For Blake accepts nothing—not the God who is sup- . posed to have proposed it this way, or the man who is constrained to dispose it in any way he can., Blake begins with a longing so deep, for all that is invisible and infinite to man under the dominion of God, matter, and reason, that he tears away the shell of earth, the prison of man in his own senses, to assert that there is nothing but man and that man is nothing but the highest flights of his own imagination. With his little tradesman’s look, his fanatical industriousness, his somber qualities of the English dissenter and petty-bourgeois, he begins with so absolute a challenge to the religion that was dying in his age, and to the scientific materialism that arose in it, that he transcends them both—into a world that is exalted and often beautiful, but of which he alone saw the full detail.
To understand this is to pass up the usual tags. Blake is seeking something which is analogous to mysticism, but he is not in any ordinary sense a mystic. He is very much in the stream of thought which led to naturalism, but he is not a naturalist. It is more important, however, to show what he shares with us rather than with the mystics. Only those who want to make a Blake easy to explain and apologize for, convenient for the textbooks, can see him as a queer and harmless “mystic.” As D. H. Lawrence said of his work, “They’ll say as they said of Blake: It’s mysticism, but they shan’t get away with it, not this time: Blake’s wasn’t mysticism, neither is this.” Even at the end, when Blake celebrated Jesus as his great friend and deliverer, we have in “The Everlasting Gospel:”

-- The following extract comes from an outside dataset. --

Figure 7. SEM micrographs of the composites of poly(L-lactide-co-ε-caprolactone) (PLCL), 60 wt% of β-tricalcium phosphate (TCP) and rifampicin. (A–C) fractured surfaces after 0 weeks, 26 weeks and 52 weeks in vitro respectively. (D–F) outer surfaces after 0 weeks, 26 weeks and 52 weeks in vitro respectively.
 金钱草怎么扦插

The Vision of Christ that thou dost see
Is my Vision’s Greatest Enemy:
Thine is the friend of all Mankind,
Mine speaks in parables to the Blind:
Thine loves the same world that mine hates,
Thy Heaven doors are my Hell gates.
Christian mysticism is founded on dualism. It is rooted in the belief that man is a battleground between the spirit and the flesh, between the temptations of earth and God as the highest Good. The mystic way is the logical and extreme manifestation of the spiritual will, obedient to a faith in supernatural authority, to throw off the body and find an ultimate release in the God-head. Christian mysticism is based upon a mortification of the body so absolute that it attains a condition of ecstasy. To the mystic, God is the nucleus of the Creation, and man in his earthly life is a dislodged atom that must find its way back. The mystic begins with submission to a divine order, which he accepts with such conviction that earthly life becomes nothing to him. He lives only for the journey of the soul that will take him away, upward to God. What would be physical pain to others, to him is purgation; what would be doubt to others, to him is hell; what would be death for others, to him is the final consummation—and one he tries to reach in the living body.
Blake has the mystic’s tormented sense of the doubleness of life between reality and the ideal. But he tries to resolve it on earth, in the living person of man. Up to 1800 he also thought that it could be resolved in society, under the inspiration of the American and French Revolutions. Blake is against everything that submits, mortifies, constricts and denies. Mystics are absent-minded reactionaries; they accept indifferently everything in the world except the barriers that physical existence presents to the soul’s inner quest. Blake is a revolutionary. He ceased to be a revolutionary in the political sense after England went to war with France and tried to destroy the revolution in Europe. That was less out of prudent cowardice—though like every other radical and free-thinker of the time he lived under a Tory reign of terror—than because he had lost faith in political action as a means to human happiness. Even in politics, however, his libertarian thought became a challenge to all the foundations of society in his time. Blake is not only unmystical in the prime sense of being against the mystic’s immediate concerns and loyalties; he is against all accepted Christianity. He is against the churches,
Remove away that black’ning church:
Remove away that marriage hearse:
Remove away that place of blood:
You’ll quite remove the ancient curse.